Journaliste et politicien ivoirien, il a tiré sa révérence ce lundi d'une crise
cardiaque à Accra au Ghana, où il s'est installé depuis la fin de la crise
postélectorale de 2011.
le décès de Mamadou Ben Soumahoro a été annoncé par ses enfants Daniel Viot et Lala
Meïta Soumahoro.
Son professionnalisme, sa rigueur et l'exigence de vérité,
ont fait de lui une grande figure du journalisme dans les années 1970, et lui
ont valu une nomination comme directeur de la Radio-télévision d'Etat RTI) dans
les années 1980.
Ancien député (2000-2011), Ben Soumahoro a milité tour à tour
au Parti démocratique de Côte d’Ivoire (PDCI, ex-parti unique), au
Rassemblement des républicains (RDR) d’Alassane Ouattara dont il fut le
porte-parole (1995-1997) et au Front populaire ivoirien (FPI de Laurent
Gbagbo).
Très proche de Laurent Gbagbo, président de la Côte d’Ivoire
de 2000 à 2010, il était également surnommé "Waraba" -le lion en
malinké-, pour ses critiques contre la France que le camp Gbagbo a souvent
accusé d’avoir joué un rôle dans la crise postéléctorale ivoirienne.
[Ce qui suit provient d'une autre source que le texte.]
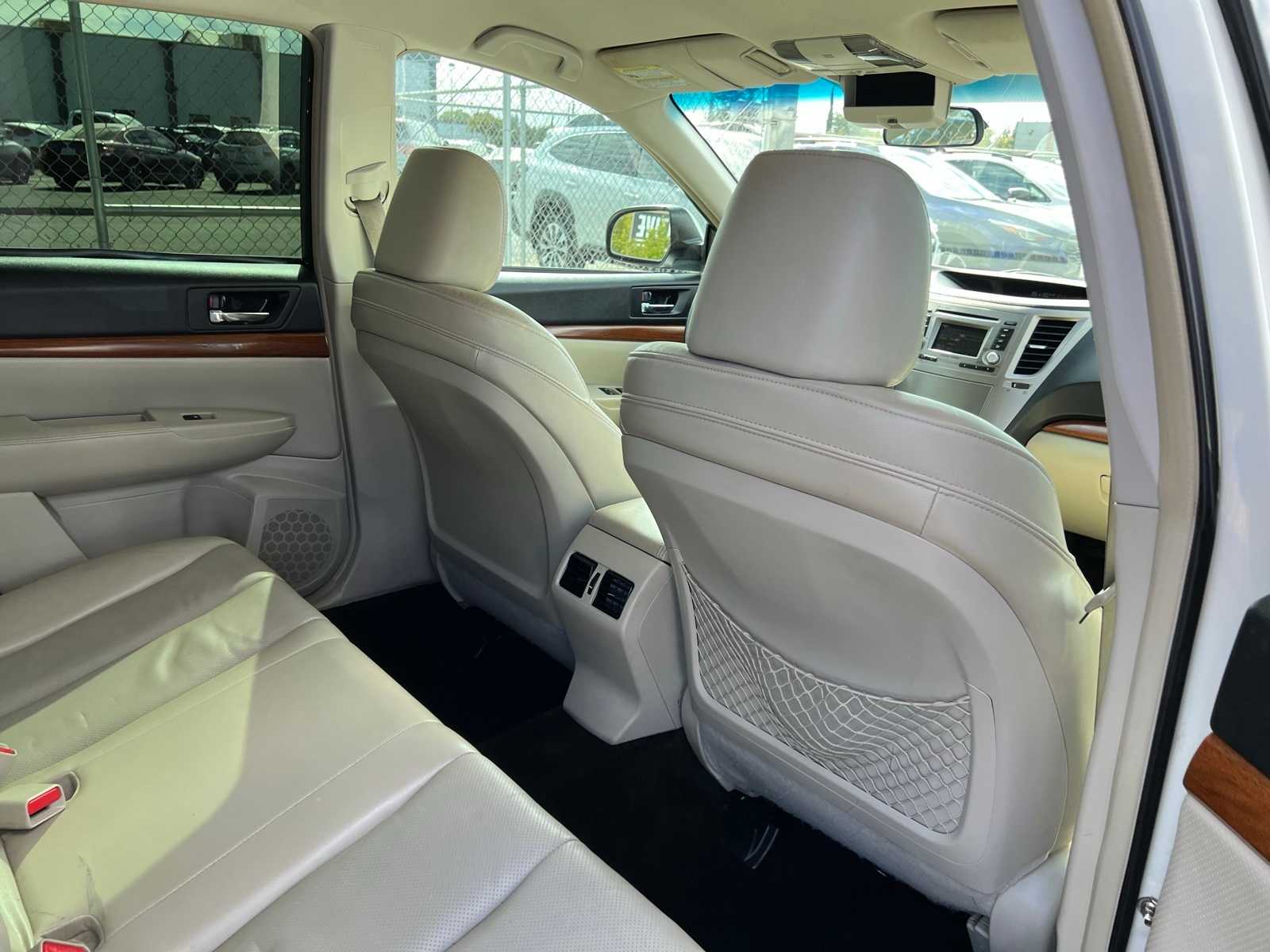 Thumbnail: 2014 Subaru Outback - 22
Mamadou Ben Soumahoro a joué un rôle dominant dans le jeu
politique en Côte d’Ivoire ces dernières années. Si ses positions sans
concession lui valurent l’aversion des pro-Ado, l’ancien député de Bako était
une véritable star chez les pro-Gbagbo. Ce dernier ayant perdu le pouvoir un 11
avril, c’est tout naturellement que la mort de Waraba ce jour anniversaire de
cette chute, non encore digérée par certains, prend une importance
particulière.
Cette fois, Ben Soumahoro Mamadou est bien décédé
contrairement à la précédente rumeur sur sa mort qu’il avait dû démentir
lui-même. L’homme au verbe fort de la politique ivoirienne avait cependant
avoué avoir été victime d’un accident cérébral et sauvé de justesse par son
épouse qui venait lui annoncer la visite d’un de ses amis. Depuis, des
informations contradictoires se sont entrechoquées sur son état de santé. Si
d’autre l’espéraient totalement remis de la maladie, certains craignaient pour
sa vie puisqu’ils l’annonçaient paralysé et sans réels moyens pour se soigner
convenablement.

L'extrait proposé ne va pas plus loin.